The tertiary would work as something of a sidekick to the inferior, in much the same way the aux works as a sidekick to the dominant. But the third function can also be assimilated and differentiated, where the inferior likely always remains (in most people) undifferentiated. Remember the reason the inferior can topple the entire boat, in Von Franz's terms, is because it carries with it the path to the shadow and the unconscious. That would include everything you have consciously rejected and/or repressed. That's just too much for someone's ego to be able to hold back if it were to ever erupt. Even under normal circumstances people tend to project their inferior onto others rather than 'own' it themselves. In some ways you could maybe conceptualize the inferior as something of an alter-ego or a second personality in a way (that's not an entirely correct characterization but it helps get the point across that the inferior is not just function number 4 in practice.)

Remember the shadow or the inferior function isn't always bad or wrong or evil. It just may seem that way when we process it through our dominant function because it represents a perspective that is entirely foreign from how we normally do business and likely one that we over time have learned to reject.


----------



## zynthaxx (Aug 12, 2009)

Neverontime said:


> I think Jung said that the inferior and the tertiary functions are all mixed together in the unconscious. That in theory, would mean that there would be slight differences in the inferior eruptions between types with a different tert function. I believe when my Te manifests, I become more aware of my surroundings although, in a negative way.
> I would expect INTPs to experience their Sensing function in a similar fashion.
> I've noticed ISTPs inferior eruptions as them feeling that they're unimportant to others. They seem to make assumptions about why others don't make the effort to include or consider them (which seem to be what you'd expect from a negative tert N), they _know_ what others were thinking or doing even if they weren't there. They also expect a huge effort made by the other person to include them. Which is quite a shock when you're used to ISTPs being so independent and secure about themselves. Does that sound familiar to anyone else?

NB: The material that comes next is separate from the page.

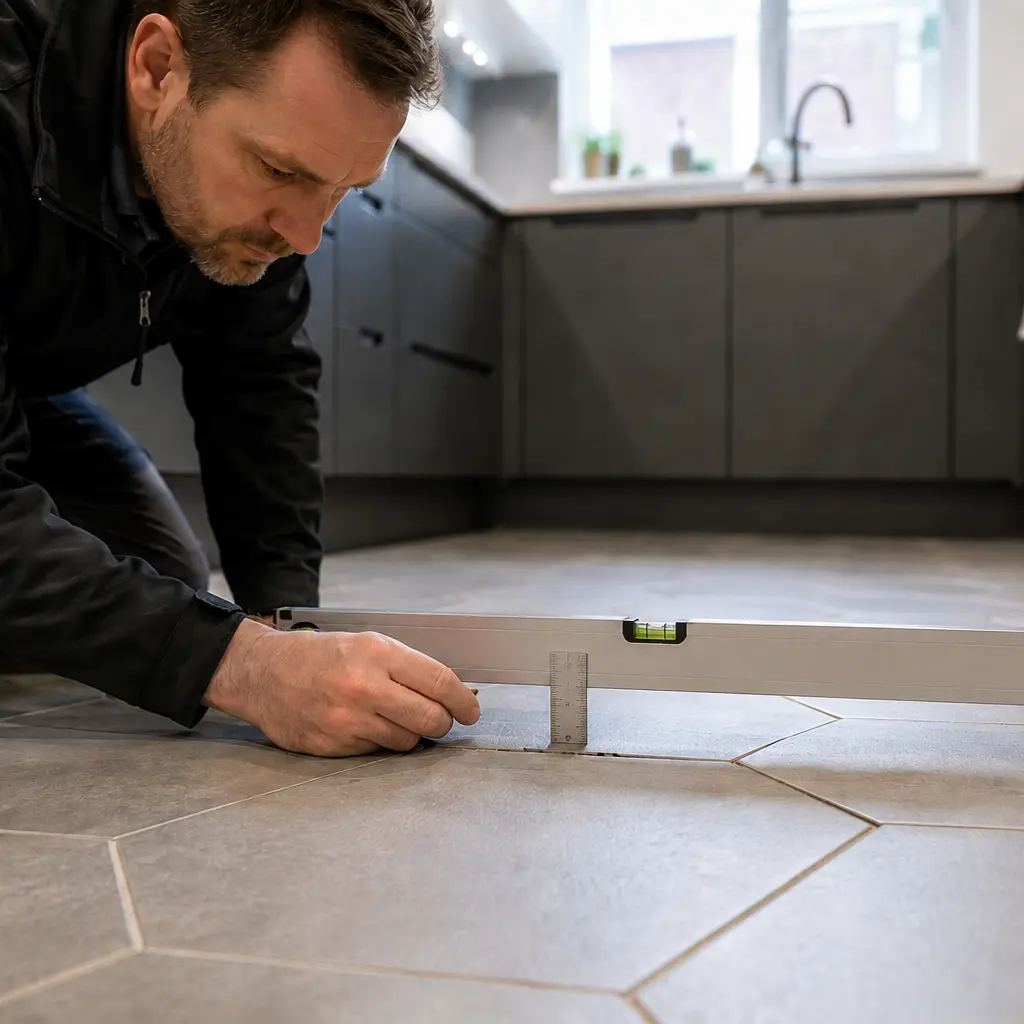 Inspector measuring tile lippage on uneven kitchen floor installation defect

Pretty much right on. I become more of a tinfoil hat kinda guy than filled with a false sense of entitlement as per your description, but the motive for it is pretty well-described.
INTPs in the same situation are likely to remember every other time in their lives when something similar was attempted by them and everything went wrong - that would be a negative aspect of Si feeding the Fe, I guess.


----------



## Kynx (Feb 6, 2012)

zynthaxx said:


> Pretty much right on. I become more of a tinfoil hat kinda guy than filled with a false sense of entitlement as per your description, but the motive for it is pretty well-described.


I should have worded that better, not so much that they expected a huge effort, more so like they viewed a huge effort as being standard and assumed that level of effort had been put into involving others. 



> INTPs in the same situation are likely to remember every other time in their lives when something similar was attempted by them and everything went wrong - that would be a negative aspect of Si feeding the Fe, I guess.


Lol, yes I think that would be accurate for tert Si, every time things have gone wrong, it's never going to improve or nothing will change for the better, etc. For me it revolves around goals that I haven't achieved, even though in actual fact, they aren't that important to me.


----------



## Entropic (Jun 15, 2012)

zynthaxx said:


> INTPs in the same situation are likely to remember every other time in their lives when something similar was attempted by them and everything went wrong - that would be a negative aspect of Si feeding the Fe, I guess.


I can second this although I wonder again how much enneagram plays a role in general.


----------



## Breath (Nov 21, 2012)

(English is not my native language. I can misunderstand what you wrote, struggle to explain my ideas and make mistakes. Hope you'll understand.)

I'm not sure how much Fe in INTP and in ISTP could be different - or, more precisely, be expressed in different ways. It think that when Fe manifests itself, Se makes ISTPs more action-oriented, less inclined to feel so... so trapped in their own thoughts, in their own mind; while INTPs undergo the influence of their Si - and zynthaxx and Neverontime explained this better than how I can. But cognitive functions are the approach, while the behavior is more related to the enneagram, if I got it; so maybe Fe can manifest itself in the same way, in people with the same enneagram type, but cause different thoughts. I don't know how to explain better my idea :/


----------